WHAT YOU HAVE TO DO: Retype every entry in its entirety, without alteration.

Extracted records:

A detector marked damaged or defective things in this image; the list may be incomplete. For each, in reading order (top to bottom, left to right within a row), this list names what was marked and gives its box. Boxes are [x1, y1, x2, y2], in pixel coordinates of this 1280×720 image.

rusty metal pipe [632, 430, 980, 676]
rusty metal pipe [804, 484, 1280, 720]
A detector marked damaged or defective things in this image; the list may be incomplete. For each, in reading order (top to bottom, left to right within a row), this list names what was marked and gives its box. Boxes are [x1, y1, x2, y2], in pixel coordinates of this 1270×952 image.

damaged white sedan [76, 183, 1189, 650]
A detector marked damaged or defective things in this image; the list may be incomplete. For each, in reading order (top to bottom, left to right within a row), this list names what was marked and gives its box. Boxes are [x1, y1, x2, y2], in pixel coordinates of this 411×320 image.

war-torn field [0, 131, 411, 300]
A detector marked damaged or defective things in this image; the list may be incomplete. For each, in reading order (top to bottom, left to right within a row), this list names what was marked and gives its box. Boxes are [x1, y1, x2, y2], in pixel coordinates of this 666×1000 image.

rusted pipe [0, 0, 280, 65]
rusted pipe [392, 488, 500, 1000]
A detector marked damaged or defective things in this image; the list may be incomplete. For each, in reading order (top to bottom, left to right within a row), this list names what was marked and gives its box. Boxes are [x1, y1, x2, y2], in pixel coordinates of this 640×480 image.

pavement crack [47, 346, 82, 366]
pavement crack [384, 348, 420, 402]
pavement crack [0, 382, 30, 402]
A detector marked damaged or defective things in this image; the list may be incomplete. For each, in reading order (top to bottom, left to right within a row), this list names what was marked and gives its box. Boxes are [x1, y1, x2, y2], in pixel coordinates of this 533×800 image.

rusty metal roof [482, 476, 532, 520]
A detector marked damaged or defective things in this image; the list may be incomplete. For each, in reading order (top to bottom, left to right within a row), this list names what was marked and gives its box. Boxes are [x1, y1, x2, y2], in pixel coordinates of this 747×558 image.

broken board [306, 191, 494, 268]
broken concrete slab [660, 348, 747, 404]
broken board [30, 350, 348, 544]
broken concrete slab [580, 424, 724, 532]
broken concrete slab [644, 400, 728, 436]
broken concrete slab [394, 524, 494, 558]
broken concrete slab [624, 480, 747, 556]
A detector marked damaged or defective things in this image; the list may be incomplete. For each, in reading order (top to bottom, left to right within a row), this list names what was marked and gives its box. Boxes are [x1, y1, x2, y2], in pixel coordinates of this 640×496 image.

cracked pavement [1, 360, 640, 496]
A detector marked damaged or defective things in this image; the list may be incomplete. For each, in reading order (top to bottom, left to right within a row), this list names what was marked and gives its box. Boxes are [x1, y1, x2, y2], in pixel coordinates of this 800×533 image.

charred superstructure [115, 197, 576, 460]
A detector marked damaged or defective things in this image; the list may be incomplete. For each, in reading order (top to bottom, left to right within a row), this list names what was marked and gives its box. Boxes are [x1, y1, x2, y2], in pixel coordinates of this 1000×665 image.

TASK RESULT:
A detector marked damaged or defective things in this image; the list may be incomplete. For each, in reading order (top to bottom, left to right within a row), this list names what was marked and gives its box. Boxes are [x1, y1, x2, y2], in pixel coordinates of this 1280×720 image.

rusty metal pipe [632, 430, 980, 676]
rusty metal pipe [804, 484, 1280, 720]
A detector marked damaged or defective things in this image; the list may be incomplete. For each, in reading order (top to bottom, left to right within a row), this list names what was marked and gives its box. Boxes are [x1, y1, x2, y2], in pixel coordinates of this 1270×952 image.

damaged white sedan [76, 183, 1189, 650]
A detector marked damaged or defective things in this image; the list may be incomplete. For each, in reading order (top to bottom, left to right within a row), this list names what was marked and gives its box. Boxes are [x1, y1, x2, y2], in pixel coordinates of this 411×320 image.

war-torn field [0, 131, 411, 300]
A detector marked damaged or defective things in this image; the list may be incomplete. For each, in reading order (top to bottom, left to right within a row), this list names what was marked and gives its box. Boxes are [x1, y1, x2, y2], in pixel coordinates of this 666×1000 image.

rusted pipe [0, 0, 280, 65]
rusted pipe [392, 488, 500, 1000]
A detector marked damaged or defective things in this image; the list may be incomplete. For each, in reading order (top to bottom, left to right within a row), this list names what was marked and gives its box. Boxes are [x1, y1, x2, y2], in pixel coordinates of this 640×480 image.

pavement crack [47, 346, 82, 366]
pavement crack [384, 348, 420, 402]
pavement crack [0, 382, 30, 402]
A detector marked damaged or defective things in this image; the list may be incomplete. For each, in reading order (top to bottom, left to right within a row), this list names what was marked and gives its box. Boxes are [x1, y1, x2, y2], in pixel coordinates of this 533×800 image.

rusty metal roof [482, 476, 532, 520]
A detector marked damaged or defective things in this image; the list may be incomplete. For each, in reading order (top to bottom, left to right within a row), this list names what was marked and gives its box. Boxes are [x1, y1, x2, y2], in pixel coordinates of this 747×558 image.

broken board [306, 191, 494, 268]
broken concrete slab [660, 348, 747, 404]
broken board [30, 350, 348, 544]
broken concrete slab [580, 424, 724, 532]
broken concrete slab [644, 400, 728, 436]
broken concrete slab [394, 524, 494, 558]
broken concrete slab [624, 480, 747, 556]
A detector marked damaged or defective things in this image; the list may be incomplete. For each, in reading order (top to bottom, left to right within a row), this list names what was marked and gives its box. Boxes are [x1, y1, x2, y2], in pixel coordinates of this 640×496 image.

cracked pavement [1, 360, 640, 496]
A detector marked damaged or defective things in this image; the list may be incomplete. For each, in reading order (top to bottom, left to right within a row), this list names what was marked and gives its box. Boxes are [x1, y1, x2, y2], in pixel coordinates of this 800×533 image.

charred superstructure [115, 197, 576, 460]
A detector marked damaged or defective things in this image; the list may be incomplete. For each, in reading order (top to bottom, left to right within a row), this list names what was marked and gives its box. Boxes are [x1, y1, x2, y2], in pixel coordinates of this 1000×665 image.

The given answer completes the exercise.